Nonreciprocal electrical transport in linear systems with balanced gain and loss in the bulk

TL;DR

This paper demonstrates that linear quantum wires with balanced gain and loss exhibit nonreciprocal electrical transport when parity symmetry is broken, with inelastic scattering being essential for this effect.

Contribution

It reveals that nonreciprocal transport arises in linear systems with balanced gain and loss, highlighting the role of inelastic scattering and parity-breaking in such phenomena.

Findings

Nonreciprocal current occurs when parity symmetry is broken.

Inelastic scattering is essential for nonreciprocity.

Nonreciprocity oscillates with wire length and can vanish at specific lengths.

Abstract

We investigate electrical transport in a quantum wire of $N$ sites connected to an equal number $(N_i/2)$ of sources and drains of charges in bulk.
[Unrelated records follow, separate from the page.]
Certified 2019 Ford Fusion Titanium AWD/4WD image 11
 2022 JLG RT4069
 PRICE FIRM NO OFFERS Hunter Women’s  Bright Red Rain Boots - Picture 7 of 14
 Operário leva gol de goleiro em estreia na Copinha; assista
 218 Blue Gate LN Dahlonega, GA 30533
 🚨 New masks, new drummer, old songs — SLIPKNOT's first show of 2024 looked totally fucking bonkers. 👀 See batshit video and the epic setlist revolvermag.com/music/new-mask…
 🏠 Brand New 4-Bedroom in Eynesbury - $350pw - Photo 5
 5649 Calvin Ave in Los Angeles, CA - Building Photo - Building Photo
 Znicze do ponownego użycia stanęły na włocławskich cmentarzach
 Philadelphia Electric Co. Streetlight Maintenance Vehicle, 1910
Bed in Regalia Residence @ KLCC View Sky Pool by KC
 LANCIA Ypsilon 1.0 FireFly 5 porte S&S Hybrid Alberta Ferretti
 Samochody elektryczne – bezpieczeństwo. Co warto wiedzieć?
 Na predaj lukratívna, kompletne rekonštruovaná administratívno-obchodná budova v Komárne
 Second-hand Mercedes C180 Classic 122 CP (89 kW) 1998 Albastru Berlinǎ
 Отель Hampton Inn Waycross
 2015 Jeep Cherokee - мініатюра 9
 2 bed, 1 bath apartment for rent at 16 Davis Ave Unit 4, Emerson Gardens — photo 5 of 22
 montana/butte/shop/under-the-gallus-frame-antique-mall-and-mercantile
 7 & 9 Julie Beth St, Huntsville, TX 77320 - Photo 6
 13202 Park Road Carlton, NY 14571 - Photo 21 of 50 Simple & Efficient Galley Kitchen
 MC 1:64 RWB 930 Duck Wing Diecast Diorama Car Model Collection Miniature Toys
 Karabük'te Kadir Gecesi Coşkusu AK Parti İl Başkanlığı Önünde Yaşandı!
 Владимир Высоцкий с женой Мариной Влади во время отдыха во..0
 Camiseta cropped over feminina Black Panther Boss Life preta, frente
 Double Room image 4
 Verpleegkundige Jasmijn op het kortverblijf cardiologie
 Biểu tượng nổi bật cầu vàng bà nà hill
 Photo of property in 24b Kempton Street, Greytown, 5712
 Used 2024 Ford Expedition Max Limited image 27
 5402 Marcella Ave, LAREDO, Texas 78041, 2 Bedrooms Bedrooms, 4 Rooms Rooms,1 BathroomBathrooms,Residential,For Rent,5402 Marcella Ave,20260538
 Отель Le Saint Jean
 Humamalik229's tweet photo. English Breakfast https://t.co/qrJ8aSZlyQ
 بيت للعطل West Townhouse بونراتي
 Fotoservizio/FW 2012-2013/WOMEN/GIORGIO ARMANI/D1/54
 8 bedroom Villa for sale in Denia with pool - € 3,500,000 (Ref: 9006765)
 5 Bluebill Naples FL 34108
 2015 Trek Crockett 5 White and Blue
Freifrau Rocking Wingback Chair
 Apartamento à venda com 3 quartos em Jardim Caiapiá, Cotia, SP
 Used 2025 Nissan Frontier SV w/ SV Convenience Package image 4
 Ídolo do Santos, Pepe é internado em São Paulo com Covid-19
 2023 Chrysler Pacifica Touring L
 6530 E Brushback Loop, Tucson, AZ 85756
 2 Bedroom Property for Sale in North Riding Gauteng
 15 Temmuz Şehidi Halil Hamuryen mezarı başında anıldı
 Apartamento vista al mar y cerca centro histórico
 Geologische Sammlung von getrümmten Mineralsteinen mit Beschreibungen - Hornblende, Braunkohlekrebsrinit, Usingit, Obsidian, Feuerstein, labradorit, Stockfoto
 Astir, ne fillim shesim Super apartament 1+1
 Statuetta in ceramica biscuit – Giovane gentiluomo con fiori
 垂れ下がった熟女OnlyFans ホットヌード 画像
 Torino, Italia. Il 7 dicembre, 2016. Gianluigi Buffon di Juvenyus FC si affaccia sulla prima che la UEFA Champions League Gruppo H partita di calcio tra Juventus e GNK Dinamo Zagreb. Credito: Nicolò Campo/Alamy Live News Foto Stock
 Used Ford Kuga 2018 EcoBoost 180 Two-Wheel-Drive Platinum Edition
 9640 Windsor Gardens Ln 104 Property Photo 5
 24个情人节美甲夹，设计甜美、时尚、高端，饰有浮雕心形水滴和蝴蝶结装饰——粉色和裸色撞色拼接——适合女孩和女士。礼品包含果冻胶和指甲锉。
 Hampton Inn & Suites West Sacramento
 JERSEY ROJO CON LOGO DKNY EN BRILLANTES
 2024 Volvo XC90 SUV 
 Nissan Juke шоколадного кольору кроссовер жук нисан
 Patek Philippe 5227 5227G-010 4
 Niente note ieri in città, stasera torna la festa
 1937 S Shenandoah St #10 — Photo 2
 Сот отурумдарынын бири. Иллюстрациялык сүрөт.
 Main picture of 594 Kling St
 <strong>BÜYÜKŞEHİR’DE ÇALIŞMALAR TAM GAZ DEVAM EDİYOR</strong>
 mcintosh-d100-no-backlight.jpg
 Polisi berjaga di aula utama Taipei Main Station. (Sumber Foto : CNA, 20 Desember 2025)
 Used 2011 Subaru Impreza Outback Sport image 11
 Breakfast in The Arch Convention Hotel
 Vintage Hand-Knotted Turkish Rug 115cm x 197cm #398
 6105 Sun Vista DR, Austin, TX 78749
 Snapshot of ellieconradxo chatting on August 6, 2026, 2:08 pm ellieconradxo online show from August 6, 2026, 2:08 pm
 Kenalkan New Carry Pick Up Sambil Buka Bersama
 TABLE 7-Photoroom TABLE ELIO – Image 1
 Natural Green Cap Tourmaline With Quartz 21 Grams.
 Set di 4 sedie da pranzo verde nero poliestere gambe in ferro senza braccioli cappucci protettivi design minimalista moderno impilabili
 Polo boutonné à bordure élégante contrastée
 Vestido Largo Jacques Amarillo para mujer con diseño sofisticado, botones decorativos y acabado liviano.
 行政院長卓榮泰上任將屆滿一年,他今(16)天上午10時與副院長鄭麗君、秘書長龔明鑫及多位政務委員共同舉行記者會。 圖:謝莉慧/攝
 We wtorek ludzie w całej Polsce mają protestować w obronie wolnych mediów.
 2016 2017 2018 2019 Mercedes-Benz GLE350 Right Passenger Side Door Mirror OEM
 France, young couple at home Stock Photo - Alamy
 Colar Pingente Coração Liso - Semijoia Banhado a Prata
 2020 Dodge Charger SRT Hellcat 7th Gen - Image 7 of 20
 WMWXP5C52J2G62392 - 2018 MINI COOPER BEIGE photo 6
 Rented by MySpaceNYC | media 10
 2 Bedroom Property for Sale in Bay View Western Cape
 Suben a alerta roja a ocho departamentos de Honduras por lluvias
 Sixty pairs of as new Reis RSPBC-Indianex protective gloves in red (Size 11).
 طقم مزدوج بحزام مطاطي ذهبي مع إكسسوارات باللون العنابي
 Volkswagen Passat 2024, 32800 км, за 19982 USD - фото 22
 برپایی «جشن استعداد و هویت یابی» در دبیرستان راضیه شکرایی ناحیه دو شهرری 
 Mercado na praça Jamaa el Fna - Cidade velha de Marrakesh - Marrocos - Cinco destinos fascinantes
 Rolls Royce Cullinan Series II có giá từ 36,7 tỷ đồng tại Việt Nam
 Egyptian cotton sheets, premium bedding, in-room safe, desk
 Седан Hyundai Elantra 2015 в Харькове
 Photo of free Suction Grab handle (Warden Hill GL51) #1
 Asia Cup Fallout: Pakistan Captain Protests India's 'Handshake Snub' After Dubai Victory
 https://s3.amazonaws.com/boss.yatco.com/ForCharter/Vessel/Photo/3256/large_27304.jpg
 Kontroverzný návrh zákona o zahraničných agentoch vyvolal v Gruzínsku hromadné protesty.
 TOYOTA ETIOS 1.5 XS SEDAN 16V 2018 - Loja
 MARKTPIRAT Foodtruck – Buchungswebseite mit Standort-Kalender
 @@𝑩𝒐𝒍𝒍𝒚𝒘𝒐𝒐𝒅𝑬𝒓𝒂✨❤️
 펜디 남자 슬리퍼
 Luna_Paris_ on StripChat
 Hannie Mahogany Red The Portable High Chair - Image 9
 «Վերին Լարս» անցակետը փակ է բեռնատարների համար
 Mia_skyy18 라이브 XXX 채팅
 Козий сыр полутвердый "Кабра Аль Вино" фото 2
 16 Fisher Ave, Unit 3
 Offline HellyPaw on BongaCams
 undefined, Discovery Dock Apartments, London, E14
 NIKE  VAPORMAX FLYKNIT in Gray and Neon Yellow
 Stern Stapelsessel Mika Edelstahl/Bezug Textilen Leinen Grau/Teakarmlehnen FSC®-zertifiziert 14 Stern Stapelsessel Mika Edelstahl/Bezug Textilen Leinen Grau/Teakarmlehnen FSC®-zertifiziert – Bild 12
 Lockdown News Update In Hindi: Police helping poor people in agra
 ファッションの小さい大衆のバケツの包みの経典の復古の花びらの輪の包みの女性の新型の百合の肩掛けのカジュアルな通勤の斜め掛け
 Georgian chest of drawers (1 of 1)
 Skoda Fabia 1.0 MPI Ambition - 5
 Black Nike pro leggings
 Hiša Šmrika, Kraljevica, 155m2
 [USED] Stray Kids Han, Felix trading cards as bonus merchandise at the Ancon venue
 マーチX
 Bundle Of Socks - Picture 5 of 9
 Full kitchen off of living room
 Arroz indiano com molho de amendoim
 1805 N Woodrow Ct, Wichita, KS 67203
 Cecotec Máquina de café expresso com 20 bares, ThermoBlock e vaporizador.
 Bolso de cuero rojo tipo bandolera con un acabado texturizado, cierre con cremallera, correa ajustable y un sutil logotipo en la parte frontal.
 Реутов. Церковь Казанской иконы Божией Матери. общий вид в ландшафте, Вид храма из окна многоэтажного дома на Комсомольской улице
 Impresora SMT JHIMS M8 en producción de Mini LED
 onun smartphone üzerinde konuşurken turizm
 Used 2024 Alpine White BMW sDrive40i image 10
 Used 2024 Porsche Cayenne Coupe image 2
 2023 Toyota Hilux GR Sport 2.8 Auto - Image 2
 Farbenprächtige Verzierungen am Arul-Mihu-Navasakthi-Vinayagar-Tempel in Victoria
Each source and drain injects and extracts charges at the same rate, respectively. We show that the linear-response electrical current is nonreciprocal in such a system when the arrangement of sources and drains breaks the system's parity. We prove that inelastic scattering is essential for nonreciprocity in this system. For this, we invoke a master equation description of classical charge transport in a similar system. The nonreciprocal current in quantum wire matches that in the classical model for $N_i/N \sim 1$, generating a finite scattering length much smaller than the length of the wire. The nonreciprocity in the quantum wire oscillates with wire length when $N_i/N \ll 1$, and it can vanish at specific lengths.